Unlike the protracted wrangling that took place for political endorsement among national religious rabbis for the position, Shteinman’s support for Lau comes after little internal competition for the rabbi’s backing.
Earlier this week, potential candidate Rabbi Yitzhak David Grossman announced he would not be running, thus paving the way for Lau’s endorsement.
Grossman would have been the preferred candidate for the haredim given his broad public appeal across the religious sectors of society, but he declined to run citing concerns for his educational and social guidance charitable network.

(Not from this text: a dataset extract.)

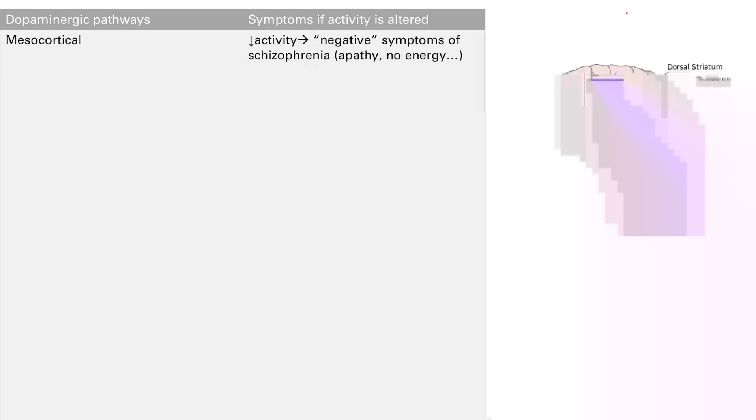So if you decrease activity in the cortex, you're going to get these negative symptoms. You become flat — just apathy and no energy.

Lau visited Shteinman on Wednesday afternoon to receive his blessing for his candidacy.
On Tuesday, Rabbi Yaakov Shapira, the dean of the national-religious Merkaz Harav Yeshiva, also declared his candidacy for the position.
Shapira is on the conservative wing of the national-religious movement and was hoping to gain the endorsement of the haredi rabbinic leadership. Although Shteinman has now endorsed Lau, Shapira is considered close to Shas spiritual leader Rabbi Ovadia Yosef and will be hoping to gain his backing.
If Yosef were to endorse Shapira, it would split the haredi vote for Ashkenazi chief rabbi in the 150-member electoral committee and could assist the campaign of Shoham Chief Rabbi David Stav, the national-religious candidate.
Meanwhile, Yosef and Shas have yet to decide whom to back for the position of Sephardi chief rabbi.
Two of Yosef’s sons, Rabbi Avraham Yosef, the chief rabbi of Holon, and Rabbi Yitzhak Yosef, the author of a comprehensive work on Jewish law called Yalkut Yosef, are contending for their father’s endorsement.
A source in the Shas party told The Jerusalem Post that he believed Ovadia Yosef would most likely back Avraham as his candidate for the position for two reasons: firstly because Ovadia Yosef has already selected Yitzhak to be a candidate for the position of chief Sephardi rabbi of Jerusalem – although that process has been stuck for several years in the courts.
The Shas official said that another factor for Ovadia Yosef is that Avraham Yosef is older than Yitzhak.